Children are the poorest age group 

  • Poverty is found more amongst the children as compared to the adults.  
  • Children are still the poorest age group, with more than one in five (21.8 per cent) children being poor, compared to around one in seven adults (13.9 per cent). 
  • There are around 9.7 crore poor children in India.

More poor in rural areas 

  • The percentage of people who are poor is 21.2 per cent in rural areas compared with 5.5 per cent in urban areas
  • Rural areas account for nearly 90 percent of poor people and  205 million of the nearly 229 million poor people live in rural areas

Poverty more in female headed households 

  • About 19.7 percent of people living in female-headed households live in poverty compared with 15.9 per cent in male-headed households.

Performance of the States

  • Only West Bengal was successful in coming out of the  list of 10 poorest state list prepared in  2015/16.
  • The other 9 poorest states of India are Bihar, Jharkhand, Meghalaya, Madhya Pradesh, Uttar Pradesh, Assam, Odisha, Chhattisgarh and Rajasthan.
  • Across states and union territories the fastest reduction of poverty in relative terms was in Goa, followed by Jammu and Kashmir, Andhra Pradesh, Chhattisgarh and Rajasthan.

What is Multidimensional poverty Index? 

  • Multidimensional poverty assessments aim to measure the non-income based dimensions of poverty, to provide a more comprehensive assessment of the extent of poverty and deprivation.
  • The Index measures a person’s deprivation across three dimensions and 10 indicators:  health (child mortality, nutrition), education (years of schooling, enrollment), and living standards (water, sanitation, electricity, cooking fuel, and assets). 
  • It first identifies which of these 10 deprivations each household experiences, then identifies households as poor if they suffer deprivations across one -third or more of the weighted indicators.

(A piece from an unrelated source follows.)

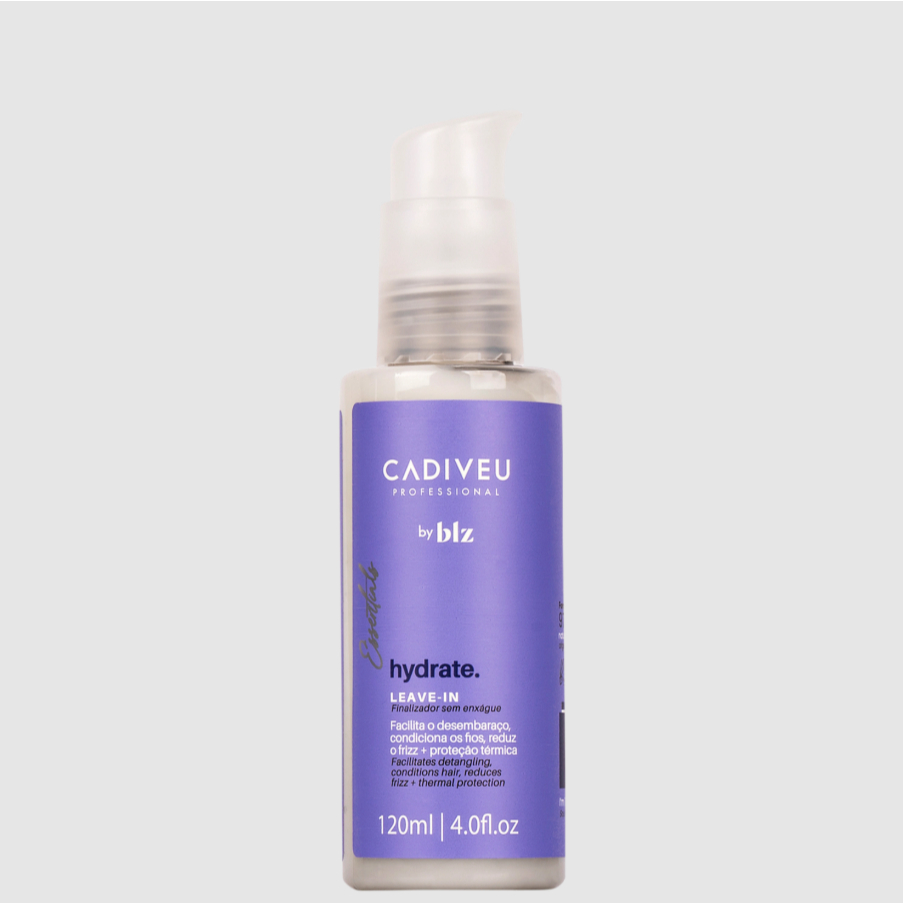 Cadiveu Professional Essentials Hydrate by BLZ - Leave-in 120ml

The Index reflects deprivations on the following indicators:

  1. Adult(under 70 years) or child  being malnourished
  2. Death of any Child (under age of 18 years) within the household in the  last 5 years
  3. No household member aged above 6 years has completed at least six years of schooling 
  4. Disrupted or curtailed schooling (a minimum of years 1-8)
  5. Any child of the family who is not attending  school upto the age at which he/she would have  completed class eight study
  6. Lack of access to safe drinking water
  7. Lack of access to basic sanitation services
  8. Lack of access to clean cooking fuel
  9. Lack of basic modern assets (radio, TV, telephone, computer, bike, motorbike, etc.)
  10. Lack of access to reliable electricity

United Nations Development Programme (UNDP)

It was set up by the United Nation General Assembly on 22 November 1965. 

It help the countries in developing their own solutions  on the issues of; 

  •  Sustainable Development,
  • Democratic governance and peace building,  and 
  • Climate and Disaster resilience.  

Headquarters: New York City, United States 

Reports 

  • It publishes a Human Development Report every year.
  • It also publishes the Multidimensional Poverty Index with the Oxford Poverty and Human Development Initiative.